Backward compatibility
No issue.
Related Work
- qutip
- quimb
Implementation
- Core Krylov Basis Generation:
- Implement the Lanczos (for Hermitian H) or Arnoldi (general case, potentially useful for non-Hermitian effective Hamiltonians or Liouvillians later) iteration using backend-compatible operations.
- Utilize constructs like jax.lax.scan, tf.scan, or equivalent PyTorch mechanisms for the iterative process to ensure JIT compatibility.
- Input: Hamiltonian H, initial vector psi0, dimension m.
- Output: Orthonormal basis V_m (matrix [v_0, v_1, ..., v_{m-1}]) and the projected matrix T_m (tridiagonal for Lanczos, upper Hessenberg for Arnoldi).
- Address numerical stability: Implement Gram-Schmidt orthogonalization carefully.
- Subspace Evolution:
- Compute the matrix exponential of the small (m x m) projected matrix T_m using the backend's expm function (tf.linalg.expm, jax.scipy.linalg.expm, torch.linalg.expm). Since m is small, this is computationally cheap.
- Compute exp(-i * H * t) @ psi0 ≈ V_m @ expm(-i * T_m * t) @ e_1 * norm(psi0), where e_1 is the first standard basis vector [1, 0, ..., 0]^T in the m-dimensional subspace. Note that psi0 = V_m @ e_1 * norm(psi0) because v_0 = psi0 / norm(psi0).
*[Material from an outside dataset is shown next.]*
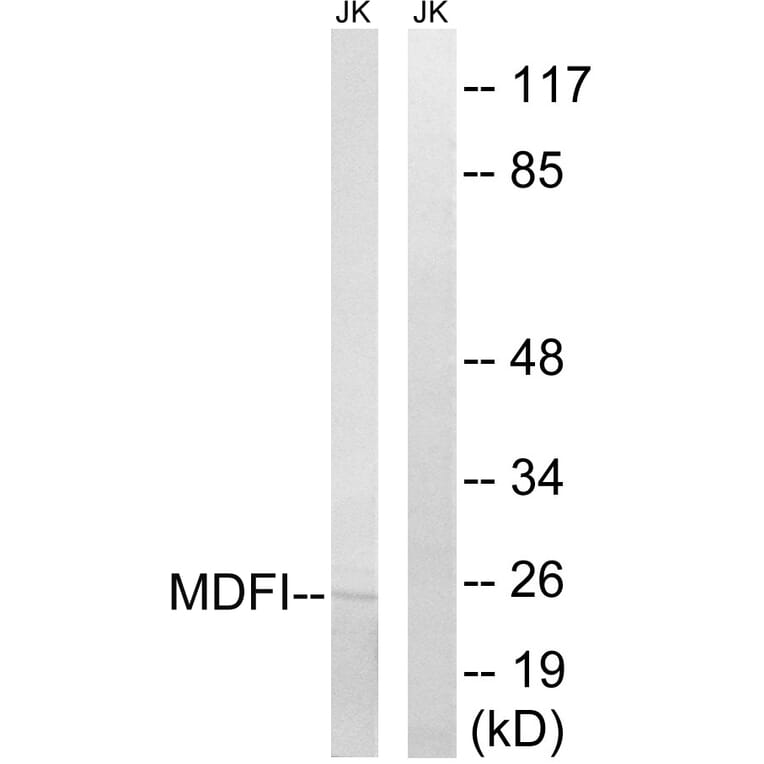 Western Blot - Anti-MDFI Antibody (C16756) - Antibodies.com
- Time Stepping and Callback:
- Loop or scan over the provided tlist. For each t:
- Calculate exp(-i * T_m * t).
- Compute the approximate state psi(t) = V_m @ (expm(-i * T_m * t) @ e_1) * norm(psi0). Ensure correct handling of shapes and potential batch dimensions inherited from psi0.
- If a callback function is provided, call it with psi(t) and store the result.
- Structure the time stepping to be efficient and compatible with vmap and JIT (e.g., potentially using jax.lax.map or equivalent).
- Loop or scan over the provided tlist. For each t:
- Function Interface:
- Create the krylov_evol(h, psi0, tlist, m, callback=None) function signature.
- Include checks for input validity (e.g., m > 0, shapes).
- Handle potential batch dimension in psi0. vmap should ideally handle batching over parameters in h or multiple tlists and psi0.
- Testing:
- Accuracy tests: Compare results against hamiltonian_evol for small systems where expm is feasible. Verify convergence as m increases.
- Backend compatibility tests: Run tests across TensorFlow, JAX, and PyTorch backends.
- AD tests: Verify gradient computation w.r.t. parameters in h and psi0.
- vmap tests: Verify vectorization over a batch dimension in psi0.
- JIT tests: Ensure the function can be JIT-compiled (especially important for JAX).
- GPU tests: Confirm execution on GPU hardware.